THE TASK: Copy the entries exactly. Their pictures do not belong in the copy.

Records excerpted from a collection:
--------------------
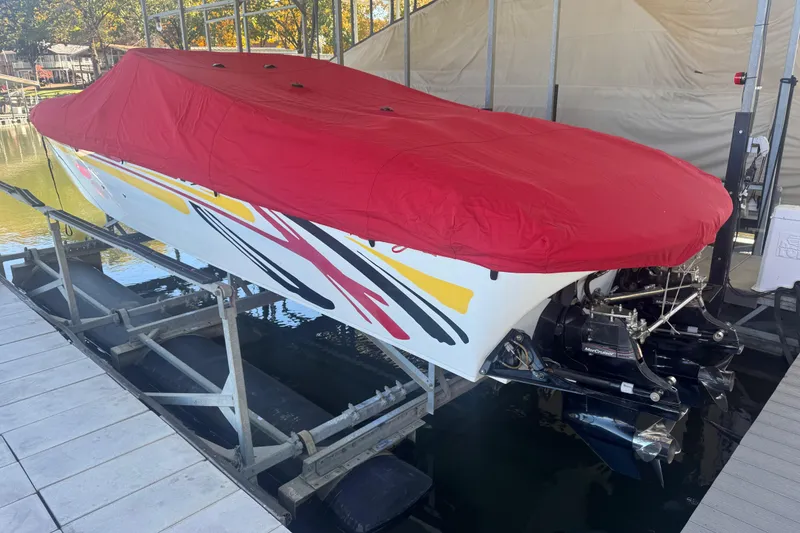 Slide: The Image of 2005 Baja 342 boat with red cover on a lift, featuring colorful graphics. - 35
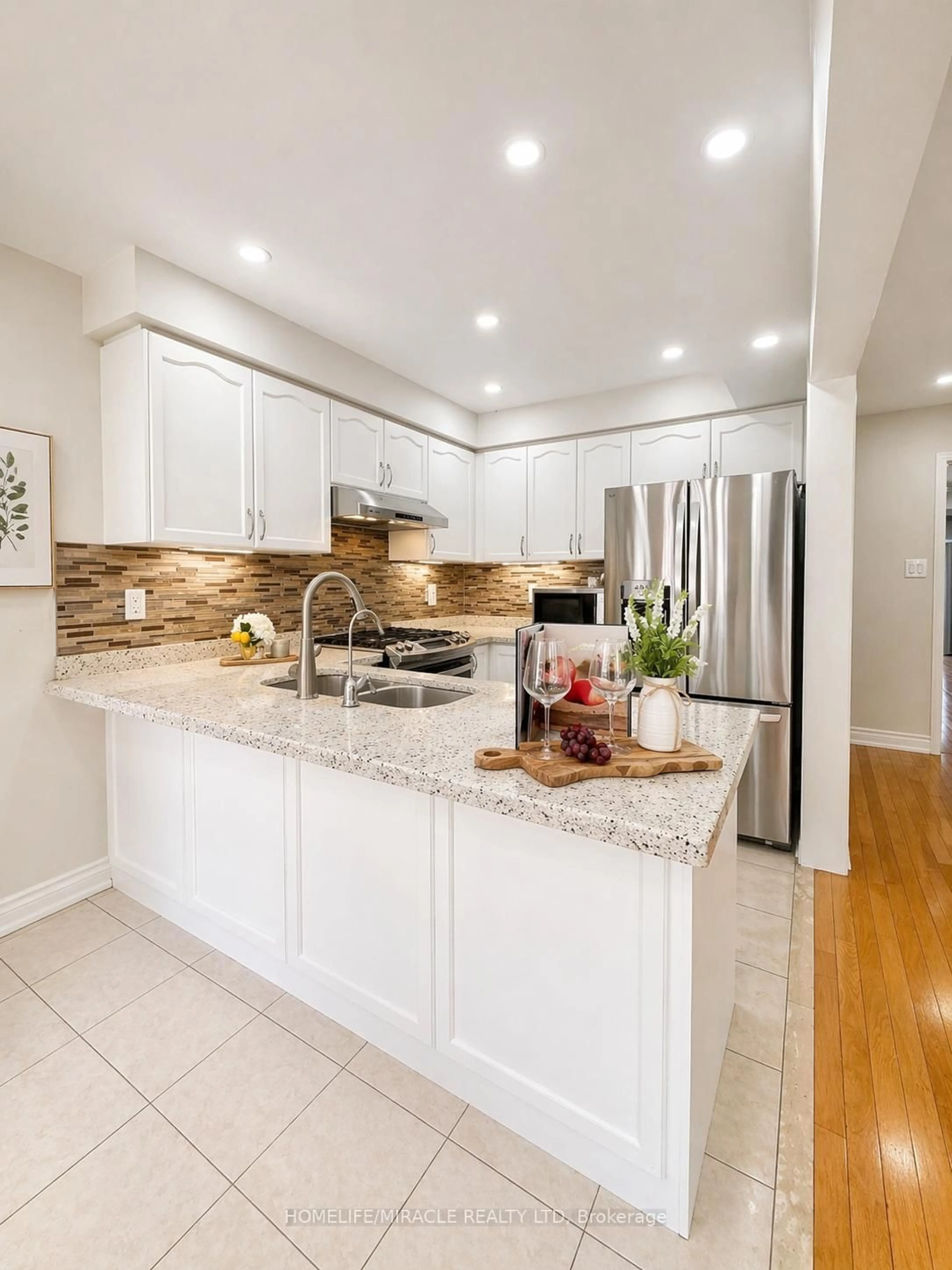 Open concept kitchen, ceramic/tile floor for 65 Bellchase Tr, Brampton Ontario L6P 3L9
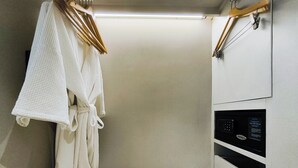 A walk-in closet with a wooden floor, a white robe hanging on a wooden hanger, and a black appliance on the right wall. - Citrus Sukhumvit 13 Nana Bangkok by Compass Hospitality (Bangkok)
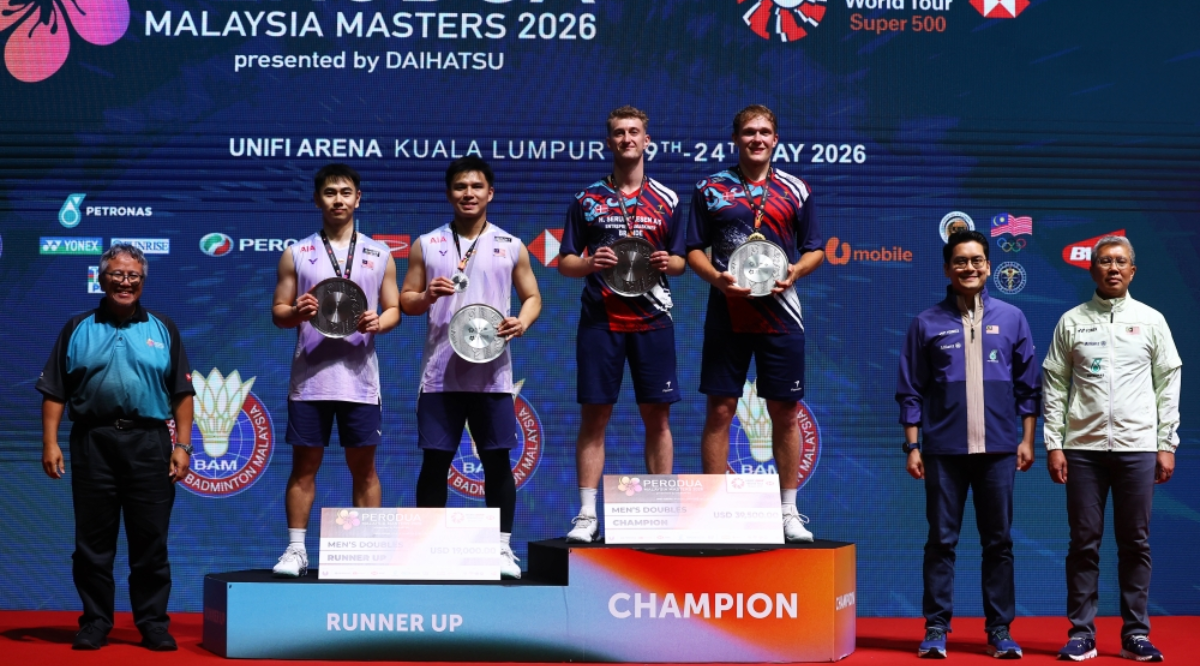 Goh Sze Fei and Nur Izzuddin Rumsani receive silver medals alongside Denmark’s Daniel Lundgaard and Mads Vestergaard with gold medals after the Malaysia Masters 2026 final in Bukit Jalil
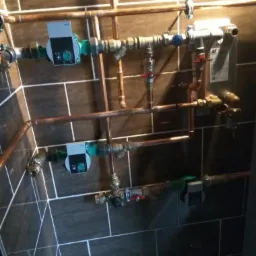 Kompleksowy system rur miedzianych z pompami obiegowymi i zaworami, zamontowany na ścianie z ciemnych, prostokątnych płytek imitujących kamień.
--------------------
TASK OUTPUT:
 Slide: The Image of 2005 Baja 342 boat with red cover on a lift, featuring colorful graphics. - 35
 Open concept kitchen, ceramic/tile floor for 65 Bellchase Tr, Brampton Ontario L6P 3L9
 A walk-in closet with a wooden floor, a white robe hanging on a wooden hanger, and a black appliance on the right wall. - Citrus Sukhumvit 13 Nana Bangkok by Compass Hospitality (Bangkok)
 Goh Sze Fei and Nur Izzuddin Rumsani receive silver medals alongside Denmark’s Daniel Lundgaard and Mads Vestergaard with gold medals after the Malaysia Masters 2026 final in Bukit Jalil
 Kompleksowy system rur miedzianych z pompami obiegowymi i zaworami, zamontowany na ścianie z ciemnych, prostokątnych płytek imitujących kamień.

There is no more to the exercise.